[[ MATERIAL PROVIDED open ]]

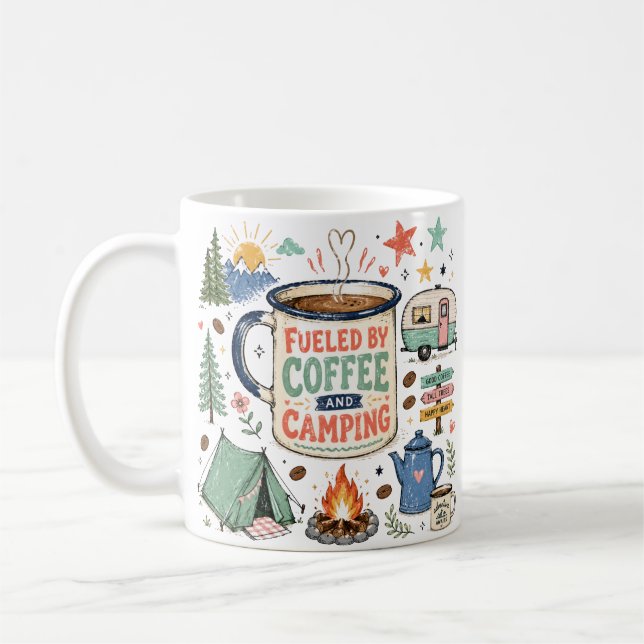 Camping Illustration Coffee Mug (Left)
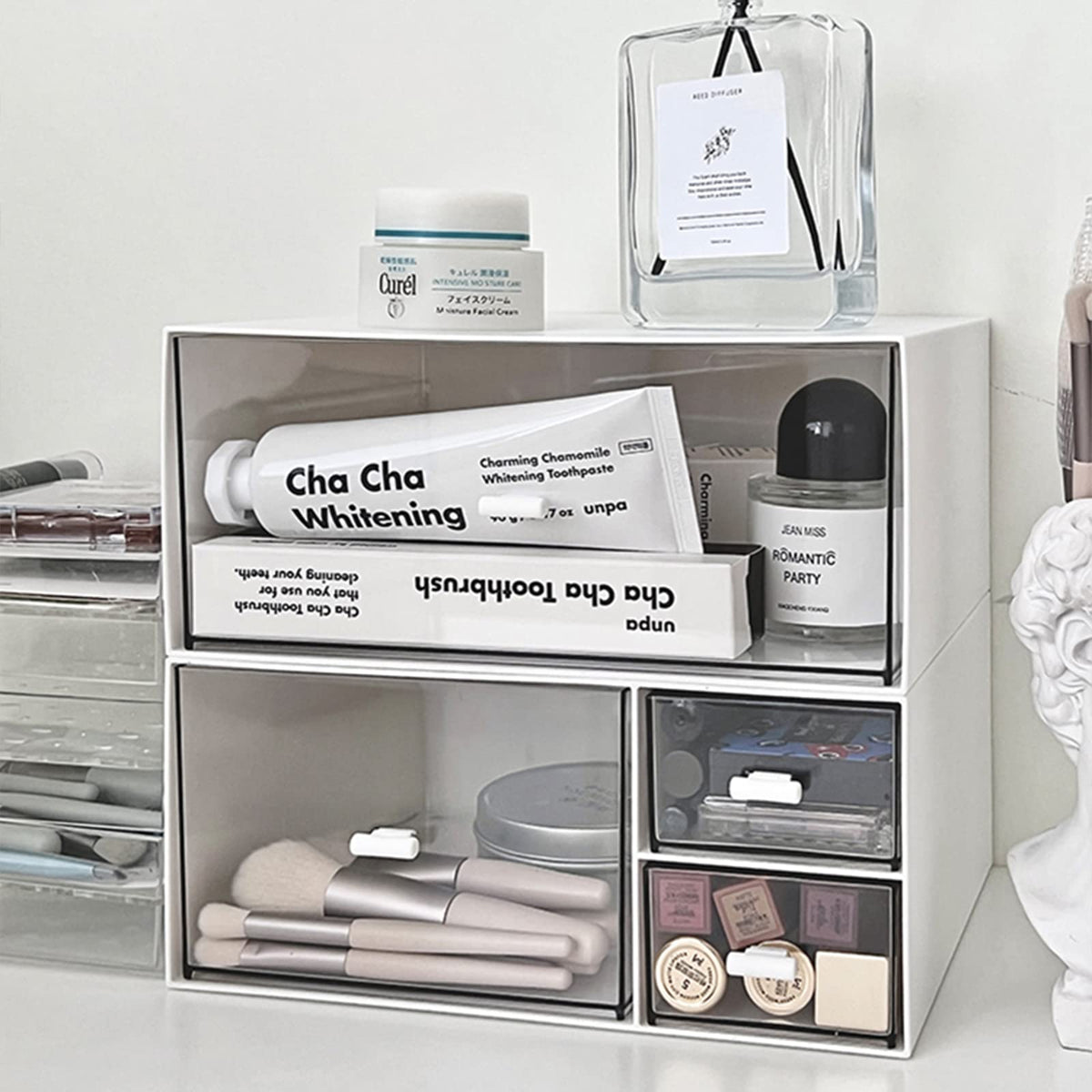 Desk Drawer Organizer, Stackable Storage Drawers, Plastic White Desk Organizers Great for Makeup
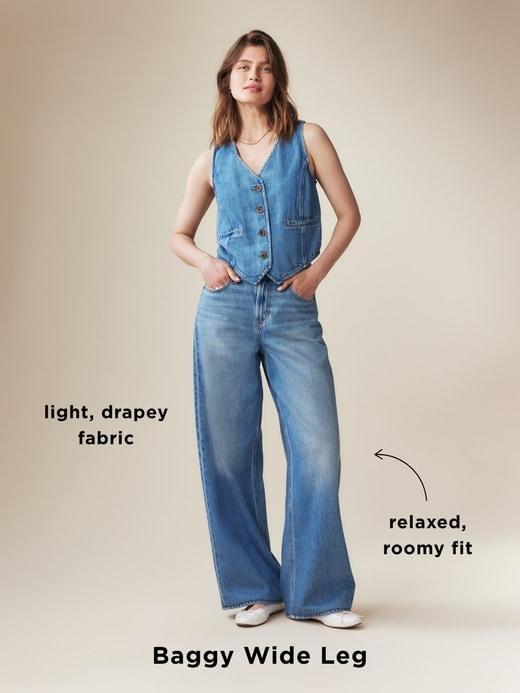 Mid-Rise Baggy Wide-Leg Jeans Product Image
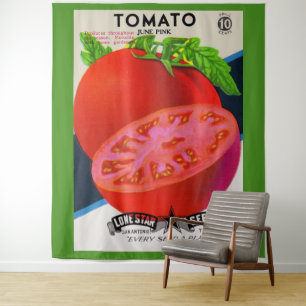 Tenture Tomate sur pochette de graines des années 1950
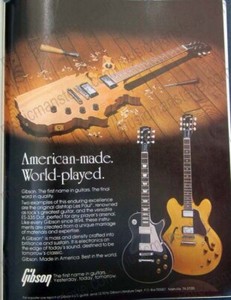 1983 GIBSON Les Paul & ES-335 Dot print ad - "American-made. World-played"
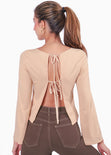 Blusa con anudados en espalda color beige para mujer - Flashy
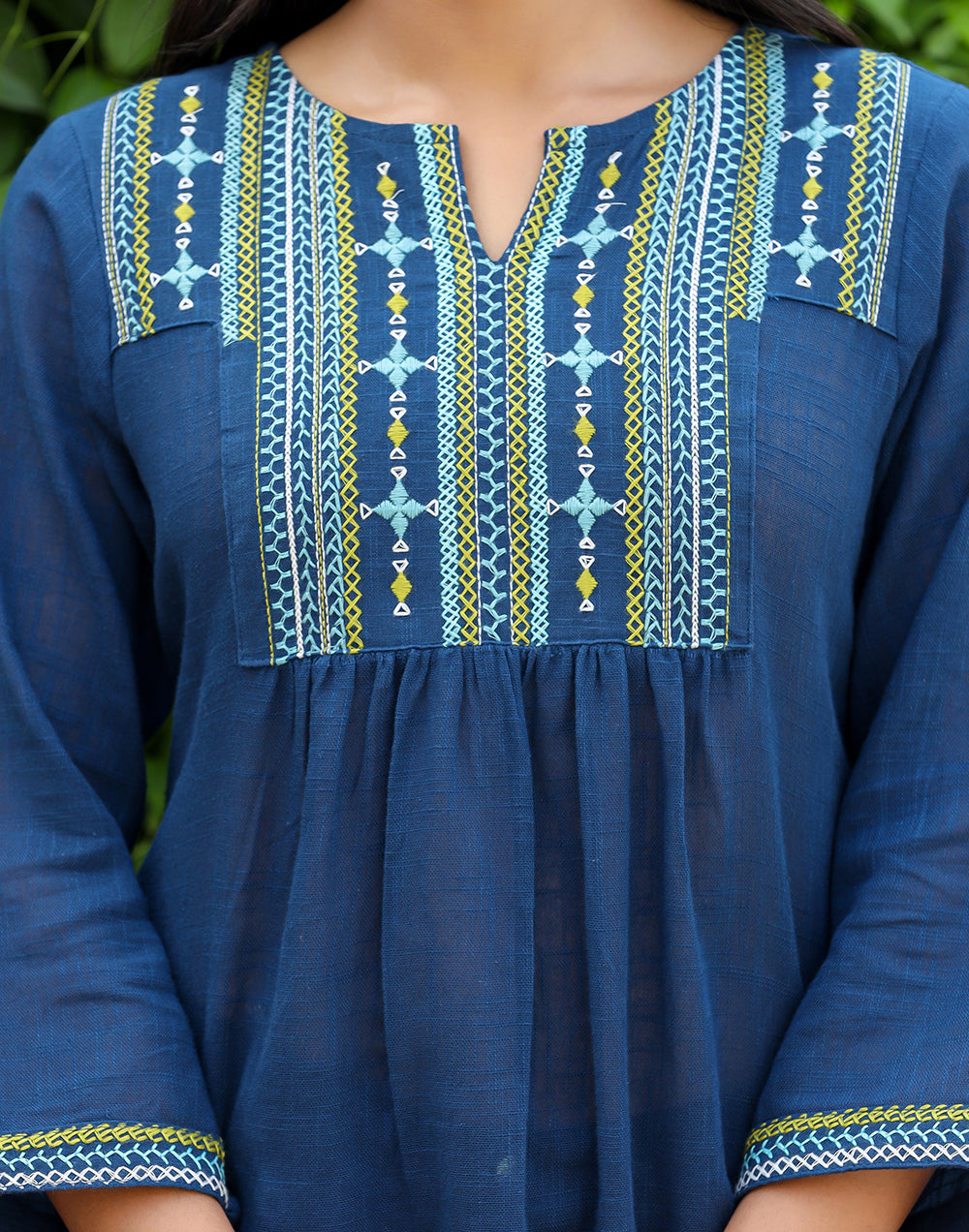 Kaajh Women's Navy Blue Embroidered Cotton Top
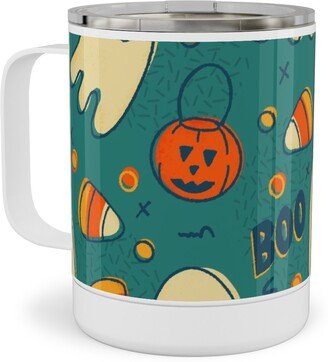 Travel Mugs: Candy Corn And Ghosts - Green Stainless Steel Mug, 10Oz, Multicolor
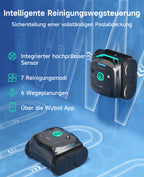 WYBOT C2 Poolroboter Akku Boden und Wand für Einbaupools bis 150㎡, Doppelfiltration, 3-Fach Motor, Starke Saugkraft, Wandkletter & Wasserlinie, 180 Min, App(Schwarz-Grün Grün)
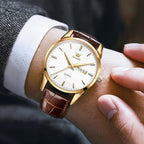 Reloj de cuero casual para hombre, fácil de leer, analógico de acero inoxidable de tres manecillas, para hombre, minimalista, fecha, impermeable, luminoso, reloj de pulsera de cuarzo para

[[ MATERIAL PROVIDED closed ]]
[[ MATERIAL PROVIDED open ]]

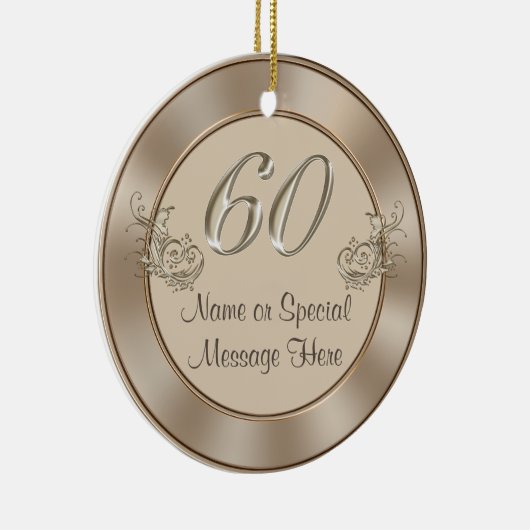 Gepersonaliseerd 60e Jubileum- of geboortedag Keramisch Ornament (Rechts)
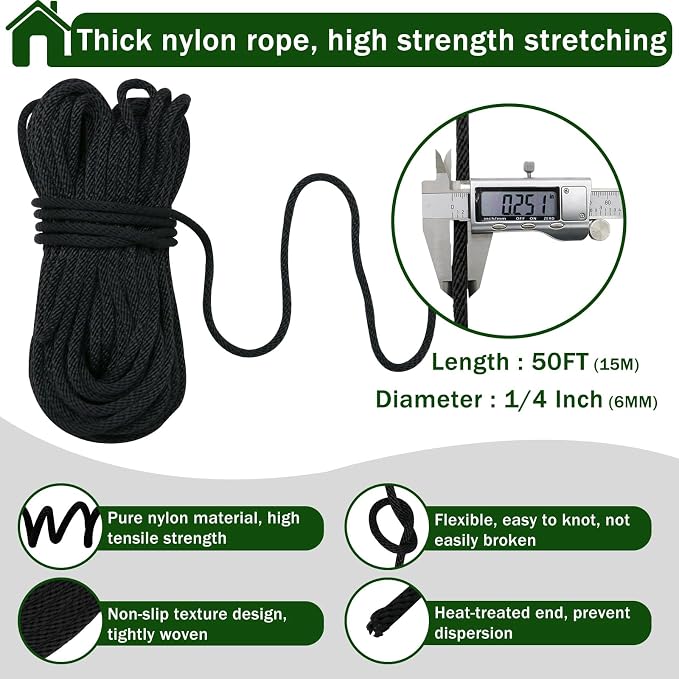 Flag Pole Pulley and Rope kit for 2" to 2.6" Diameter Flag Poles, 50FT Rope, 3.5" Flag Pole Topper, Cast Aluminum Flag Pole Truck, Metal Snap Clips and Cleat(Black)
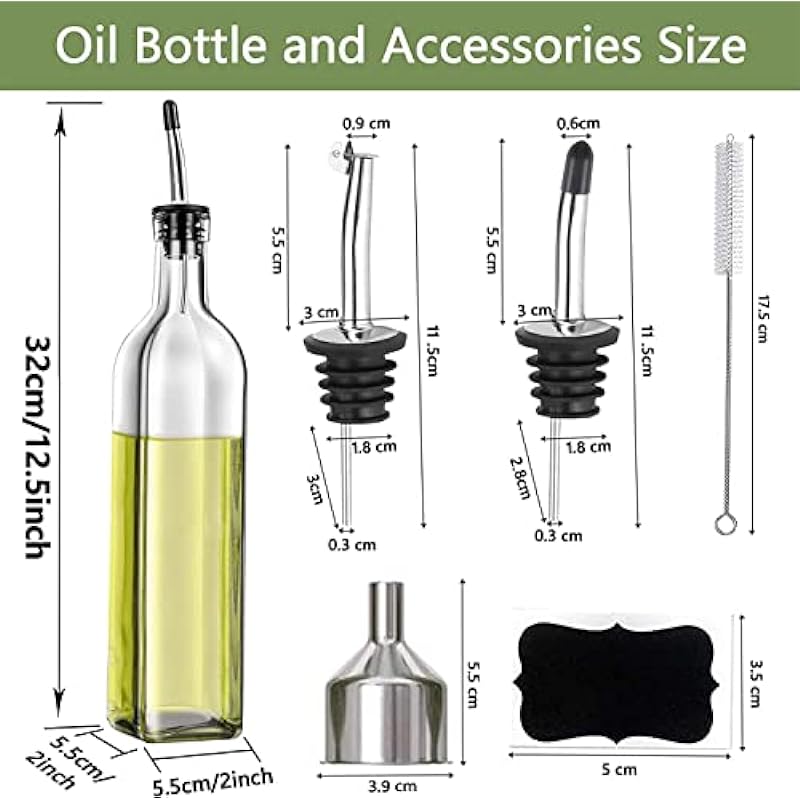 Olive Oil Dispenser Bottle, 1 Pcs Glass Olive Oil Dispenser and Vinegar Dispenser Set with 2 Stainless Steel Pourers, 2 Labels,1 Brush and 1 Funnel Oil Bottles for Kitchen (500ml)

[[ MATERIAL PROVIDED closed ]]

YOUR ASSIGNMENT: Please copy the lines above exactly, starting at the line that holds "WYBOT C2 Poolroboter" and ending at the line that holds "Reloj de cuero"; include both, but no pictures.

WRITTEN SOLUTION:
 WYBOT C2 Poolroboter Akku Boden und Wand für Einbaupools bis 150㎡, Doppelfiltration, 3-Fach Motor, Starke Saugkraft, Wandkletter & Wasserlinie, 180 Min, App(Schwarz-Grün Grün)
 Reloj de cuero casual para hombre, fácil de leer, analógico de acero inoxidable de tres manecillas, para hombre, minimalista, fecha, impermeable, luminoso, reloj de pulsera de cuarzo para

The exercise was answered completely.